Problem description
Word-for-word repetition of the records below is needed, but only from the line holding "Due Cigni Tuscany" through the final line, with pictures excluded.
=-=-=-=-=
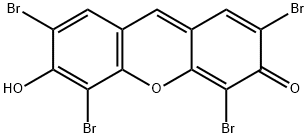 2,4,5,7-TETRABROMO-6-HYDROXY-3-FLUORONE Structure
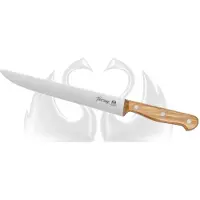 Due Cigni Tuscany 2C744-22OL couteau à viande 22 cm bois d'olivier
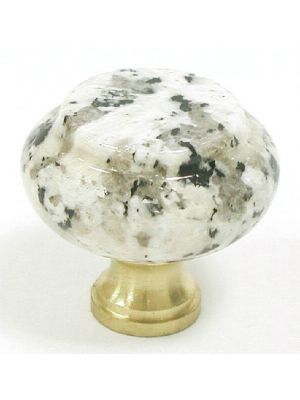 M124 Luna Pearl Granite with Brass base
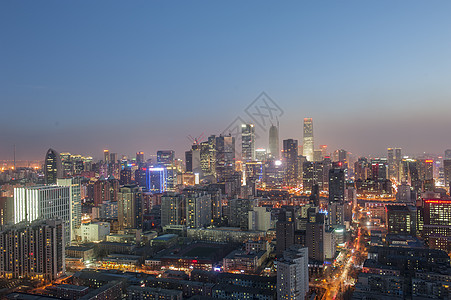 北京夜景国贸cbd夜景背景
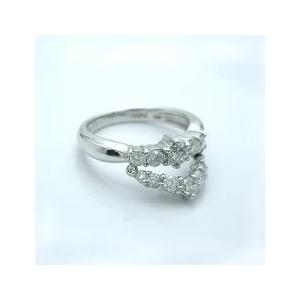 ダイヤモンドリング pt900 pt950 0.5ct ティアラ ピンキーリング SI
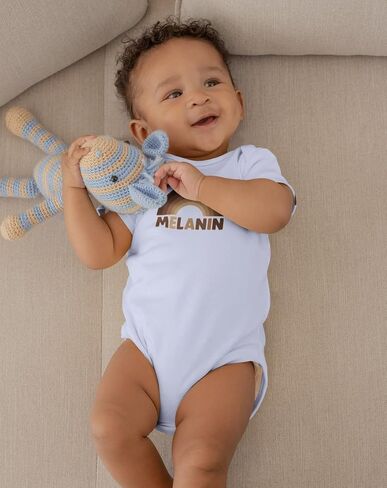 Pop Threads Melanin Rainbow Black History Pride BHM BLM Infant Baby Boy Girl Bodysuit in Saudi Arabia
=-=-=-=-=
Output for this exercise
 Due Cigni Tuscany 2C744-22OL couteau à viande 22 cm bois d'olivier
 M124 Luna Pearl Granite with Brass base
 北京夜景国贸cbd夜景背景
 ダイヤモンドリング pt900 pt950 0.5ct ティアラ ピンキーリング SI
 Pop Threads Melanin Rainbow Black History Pride BHM BLM Infant Baby Boy Girl Bodysuit in Saudi Arabia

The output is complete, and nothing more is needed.